Unpuzzle Dataset Bias

Abstract

Dataset bias in manually collected datasets is a known problem in computer vision. Models trained on such datasets tend to underperform in the field. In safety-critical applications such as autonomous driving, these biases can lead to catastrophic errors, jeopardizing the safety of users and their surroundings. Being able to unpuzzle the bias in a given dataset, and across datasets, is an essential tool for building responsible AI. In this paper, we present deepPIC: deep Perceptual Image Clustering, a novel hierarchical clustering pipeline that leverages deep perceptual features to visualize and understand bias in unstructured and unlabeled datasets. It does so by effectively highlighting nuanced subcategories of information embedded within the data (such as multiple but repetitive shadow types) that typically are hard and/or expensive to annotate. Through experiments on a variety of image datasets, both open-source and internal, we demonstrate the effectiveness of deepPIC in (i) singling out errors in metadata from open-source datasets such as BDD100K; (ii) automatic nuanced metadata annotation; (iii) mining for edge cases; (iv) visualizing inherent bias both within and across multiple datasets; and (v) capturing synthetic data limitations; thus highlighting the wide variety of applications this pipeline can be applied to.

Visualization

All the clustering results included in the paper have been uploaded here with image thumbnails. We recommend zooming in using a touch pad for the best impact. For desktop users without touch pad, one can zoom in by clicking (choosing) on the image when the zoom in cursor shows up --> Click and hold on the image --> Move while holding to see different parts of the image.
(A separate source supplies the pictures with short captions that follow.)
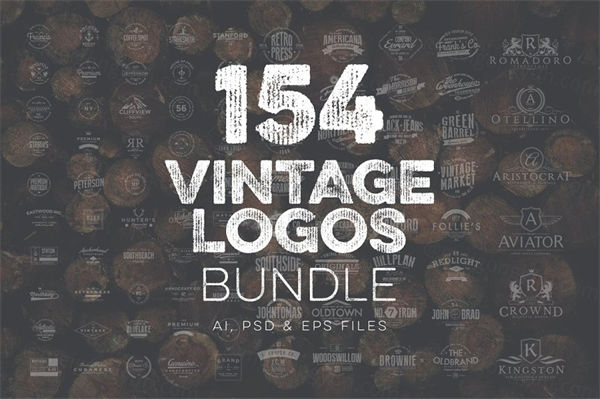 复古Logo标志模板大合集 154 Vintage Logos Bundle
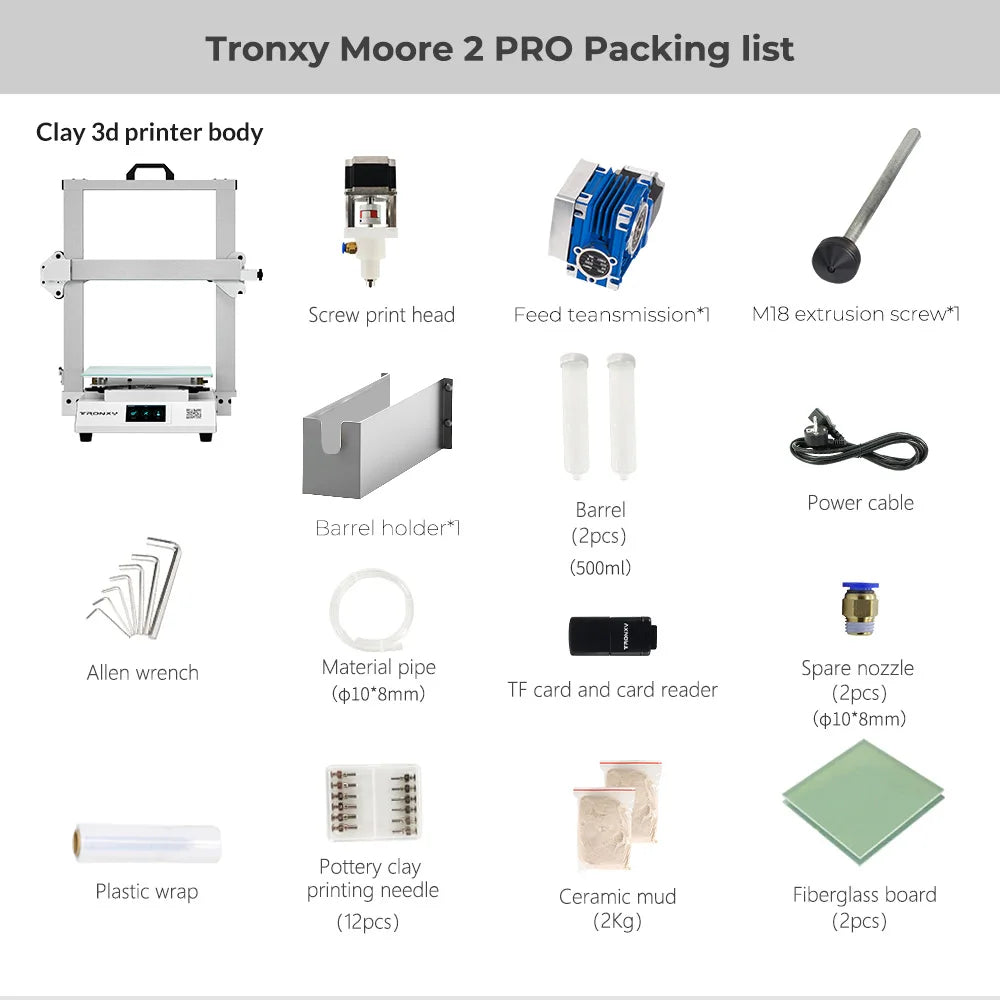 2024 Tronxy Ceramic Clay 3d Printer Moore 2 Pro Exclusive OSG Dual Core Guide Rail High Quality Print 32 Bit Silent Mainboard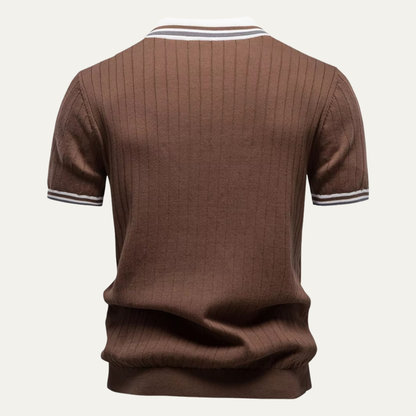 Jasper | Ribbed Knit Polo with Contrast Collar
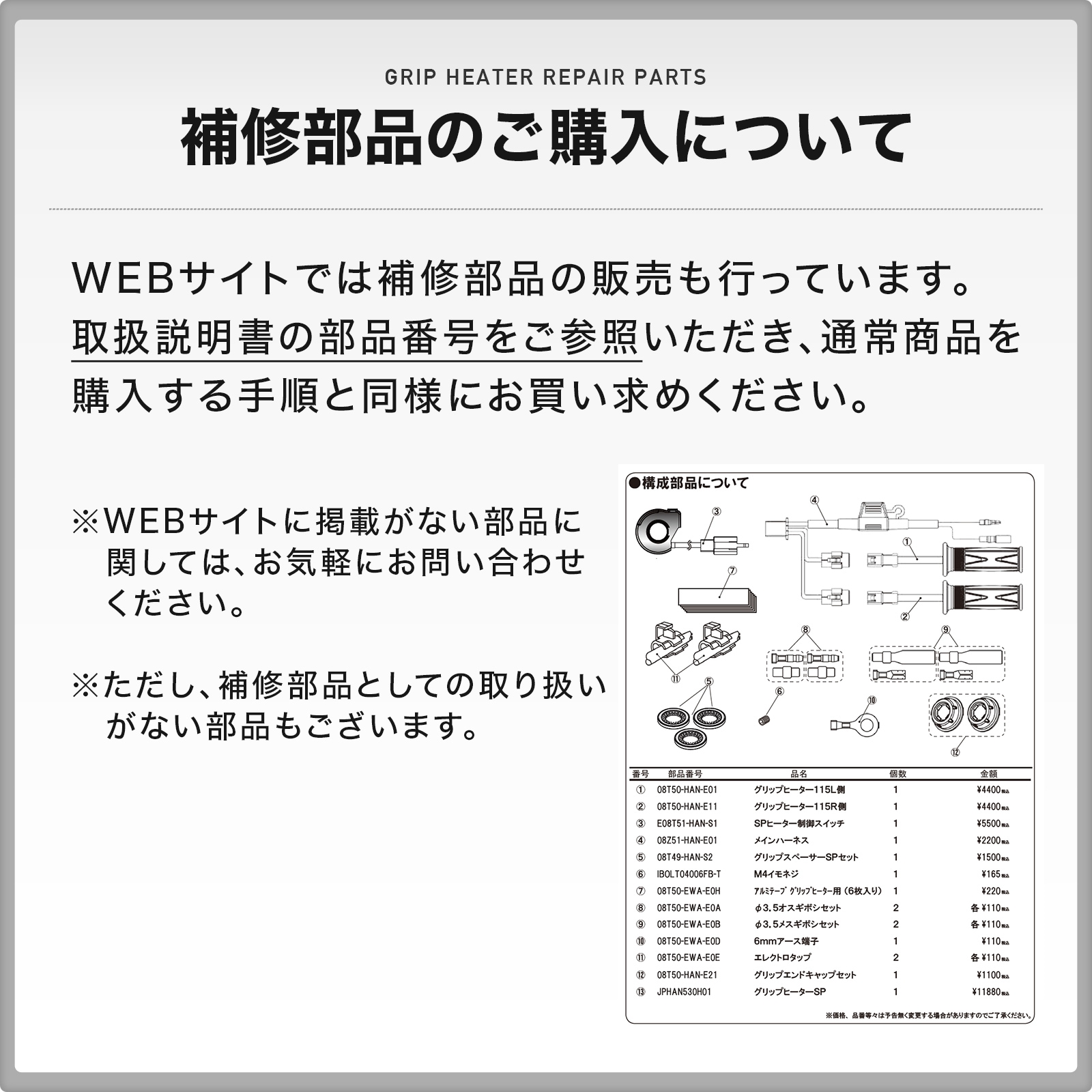 ジクサー150 ED13N ジクサー250 ED22B グリップヒーターセット HG120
BDD100K Clustering Results

Figure 3 (in paper): deepPIC stage 1 output (C¹) for 5000 BDD100K images. Note automatic segregation of day and night images into two distinct clusters.

Figure a: deepPIC stage 2 output for images assigned to C¹₁ in Fig. 3. Note the shift from high traffic density city scenes in the bottom right to the relatively low traffic density highway scenes on the top right.

Figure 4 (in paper): deepPIC stage 2 output for images assigned to C¹₀ in Fig. 3. Note the shift from low traffic density highway and residential scenes on the left to the relatively high traffic density city scenes on the right.

Parking Dataset Clustering Results

Figure 5 (in paper): deepPIC stage 1 output (C¹) for 2000 images from an internal parking dataset. Note automatic segregation of indoor garage images (right cluster) from those captured in outdoor parking lots (left 3 clusters).

Figure 6 (in paper): Stage 2 deepPIC output for images assigned to C¹₁ in Fig. 5. Sub-clusters 0, 1 and 2 on the left have overcast skies. In contrast, sub-clusters 3 and 4 on the right have sunny skies and a strong ego-vehicle shadow.

Visualizing inherent dataset bias using 5 different open-source lane detection datasets

Figure 8 (in paper): Stage 1 clustering output from deepPIC applied to 10000 images from 5 different datasets - ApolloScape, BDD100K, CULane, Mapillary and TuSimple.

Visualizing sim-to-real gap using deepPIC

Figure 9 (in paper): Visualizing sim-to-real gap using C¹, i.e. stage 1 output from deepPIC applied to an equally split mix of 10k real, simulated and sim-to-real GAN translated parking images. The gradual progression of realism between the three sets of data confirms the efficacy of the data augmentation steps.